If you can produce binaries for UNIX (Linux, BSD, etc), OSX and Windows, I'll be impressed. That's something I was interested in doing with Go (is it possible to cross-compile?) but never managed to learn.

4ad · on Oct 10, 2012

Since the Go1 release, Go is not a moving target anymore. Stable releases are rare and there are binary packages available if you are so inclined.

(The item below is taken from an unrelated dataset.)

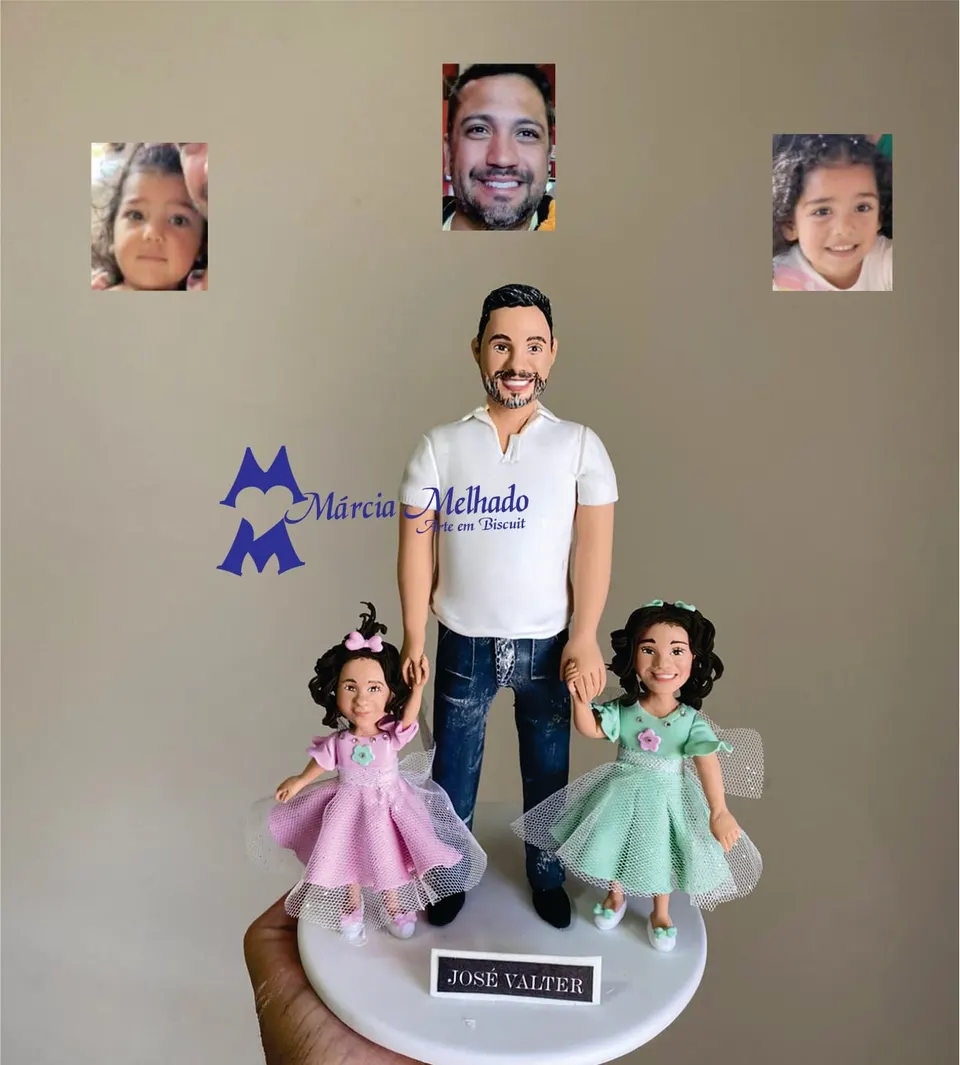 Bonecos de pai com duas filhas de vestido de tule Boneco de biscuit de pai de polo branca e jeans segurando as mãos de duas meninas com vestidos de tule rosa e verde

Go compilers, being derived from Plan 9, are always cross compiling. To cross compile you just set and export GOARCH and GOOS to your target, for example:

  GOOS=windows GOARCH=386 CGO_ENABLED=0 go build foo.bar/baz

Would build foo.bar/baz for 32 bit Windows from any system that has Go and ran make.bash --no-clean with those variables set. More interesting is building for ARM:

  GOOS=linux GOARCH=arm CGO_ENABLED=0 go build foo.bar/baz

arjn · on Oct 9, 2012

We use ActiveMQ at work and are investigating other MQs too. I dont see any info or performance graphs w.r.t message size. That would be a useful addition.

jehiah · on Oct 9, 2012

Good idea, we will try to put together some numbers with regards to message size.

interg12 · on Oct 9, 2012

Anyone at Disqus care to weigh in on this?

andreypopp · on Oct 9, 2012

Interesting if bitly guys had a look at beanstalkd before implementing nsqd.

knodi · on Oct 9, 2012

Beanstalkd is not stable it has a lot issues even in it current version. If you doing to be sending couple million messages per day beanstalkd is not for you.

matticakes · on Oct 9, 2012

beanstalkd is a great project and it certainly inspired some of our thinking. I think of beanstalkd as a more fully functional alternative to simplequeue (what we built/used prior to NSQ - more details in our blog post http://word.bitly.com/post/33232969144/nsq).

Some of the goals of NSQ transcended just replacing our specific daemon that buffered and delivered messages (most importantly the interactions with the lookup service). Because of that, we felt that owning that piece would make it easier to achieve those goals.

Additionally, one of the most important properties of nsqd (the queue component of NSQ) is that data is pushed to the client rather than polled (like in beanstalkd).

stevvooe · on Oct 10, 2012

Where is the guy with the comment about generics? Disappointing.

knodi · on Oct 9, 2012

Does this have gob interface?

matticakes · on Oct 9, 2012

it is data format agnostic so you can certainly serialize using the gob package.

knodi · on Oct 9, 2012

Amazing, with this my whole infrastructure will be 100% Go.